━━━━━ EXCERPTED DATA ━━━━━
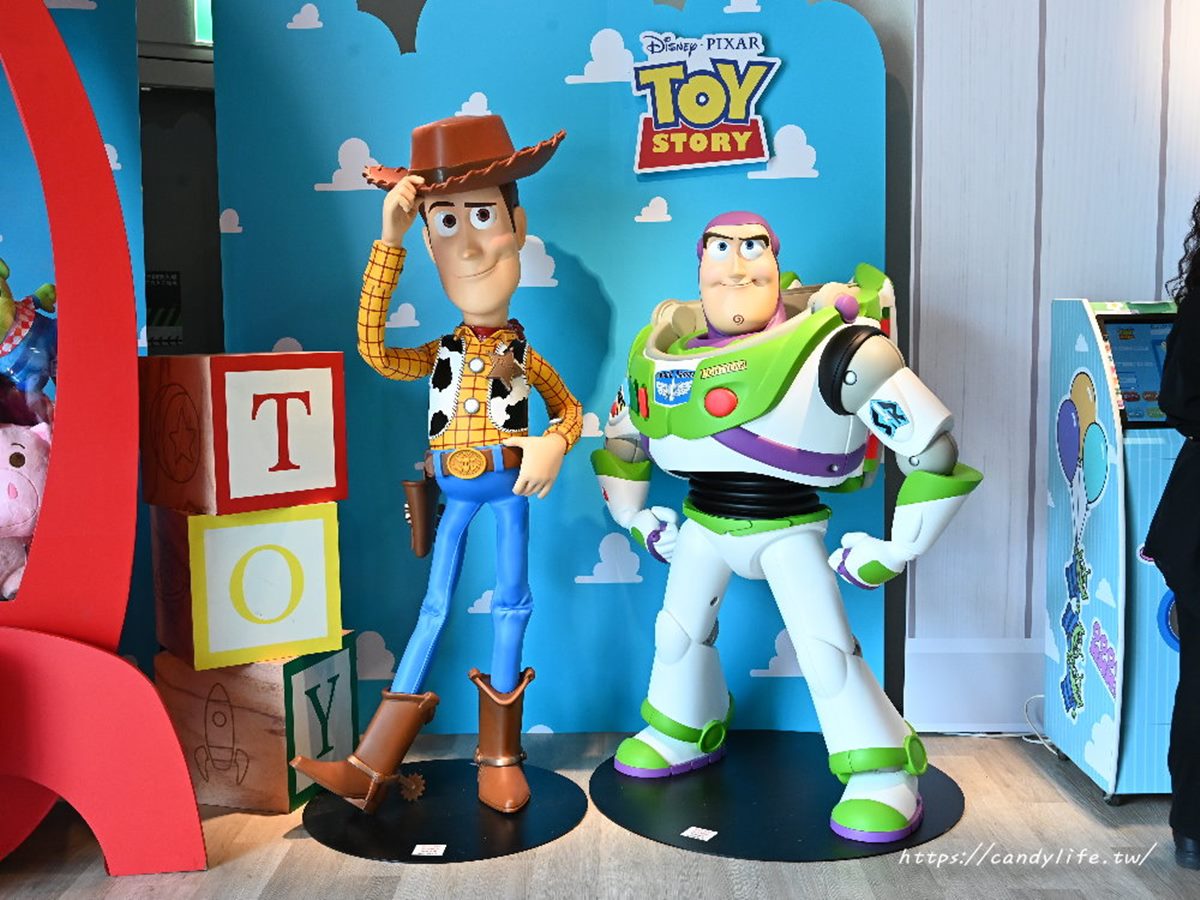 快衝迪士尼快閃店！免費打卡巨大史迪奇＋三眼怪，限量周邊一次看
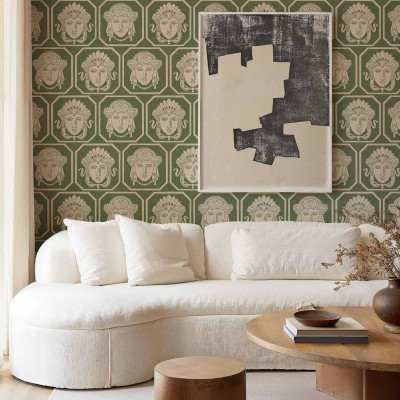 Tapet verde cu model de figuri stilizate într-un living modern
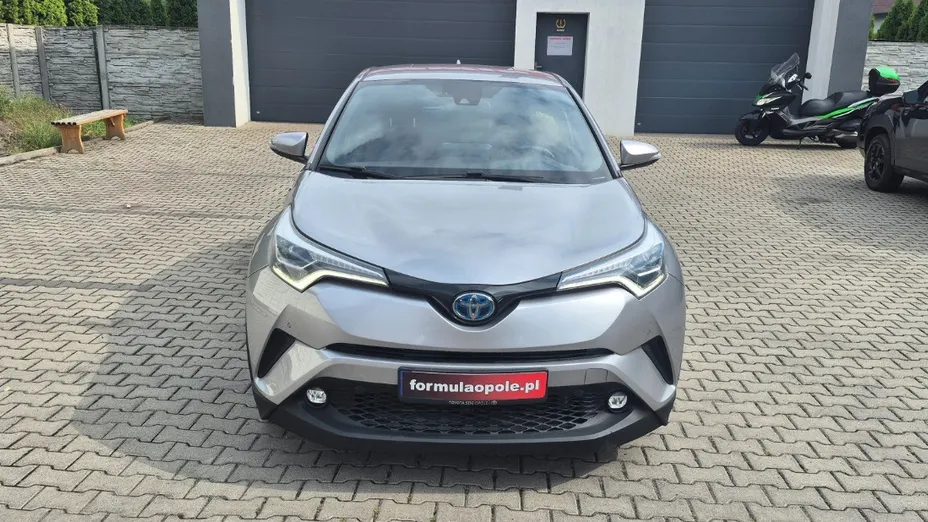 TOYOTA C-HR -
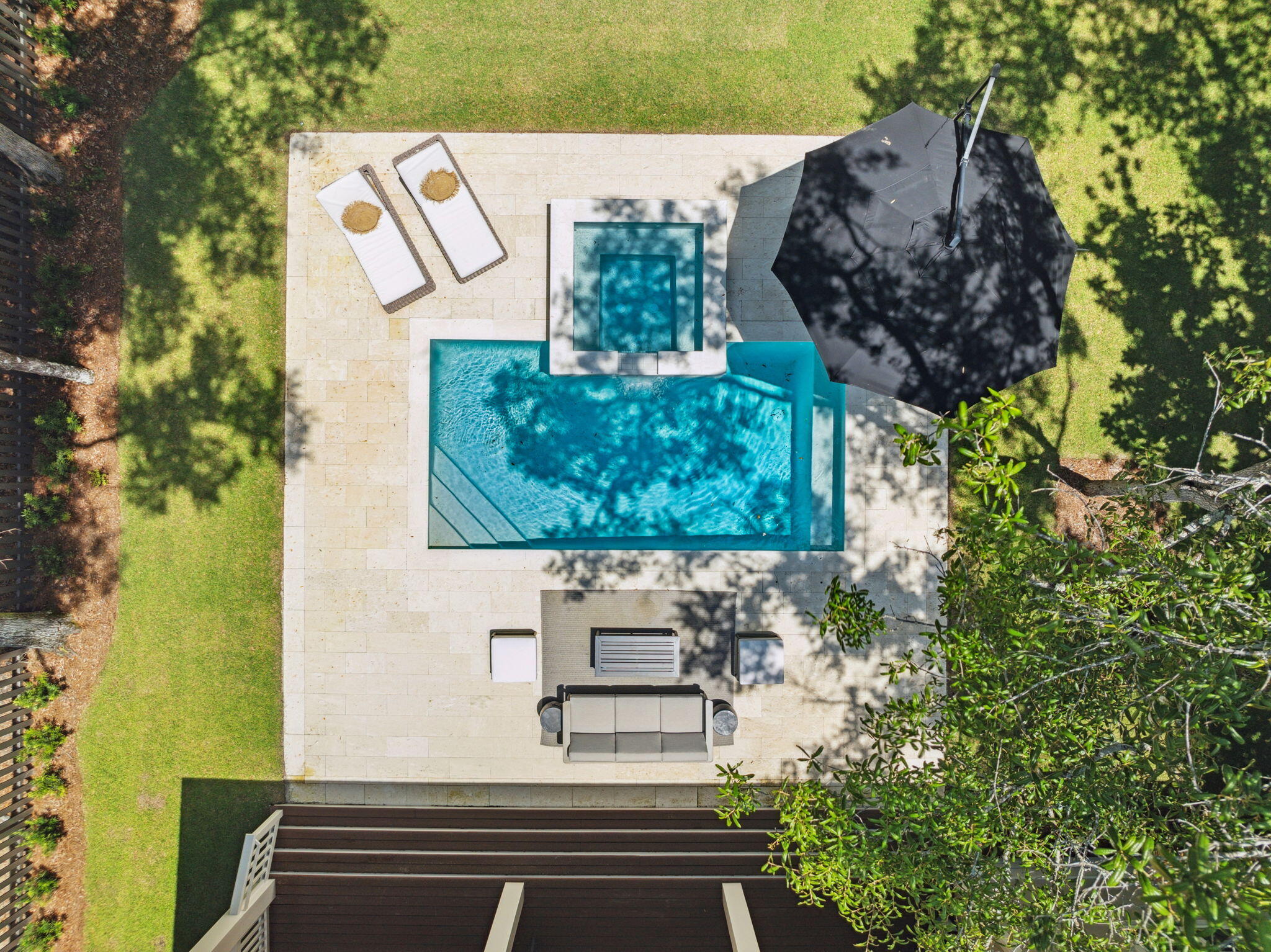 35 E Headwater Trail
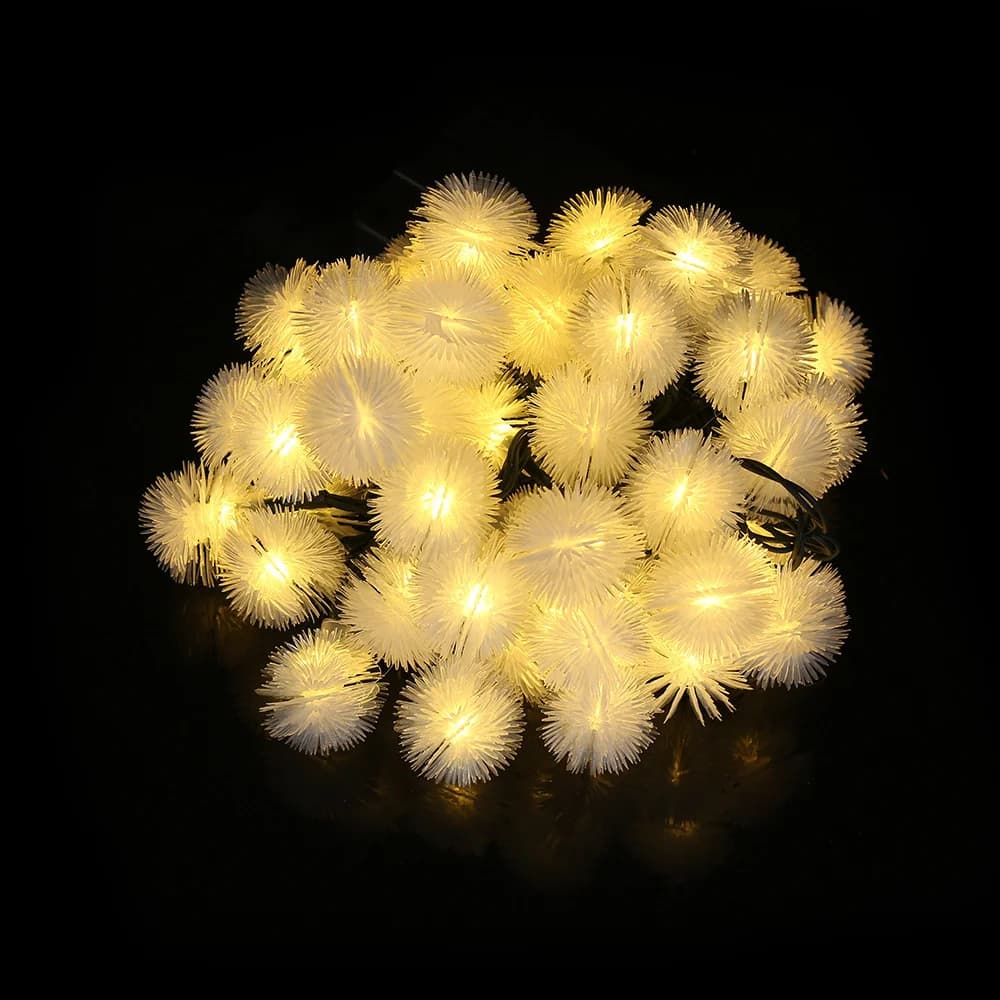 Wodoodporna solarna lampa ogrodowa z pluszowym mleczykiem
━━━━━
BRIEF> Extract, word for word, every line from the one holding "35 E Headwater Trail" through the closing line of the data above. Do not include any pictures.

YOUR SOLUTION>
 35 E Headwater Trail
 Wodoodporna solarna lampa ogrodowa z pluszowym mleczykiem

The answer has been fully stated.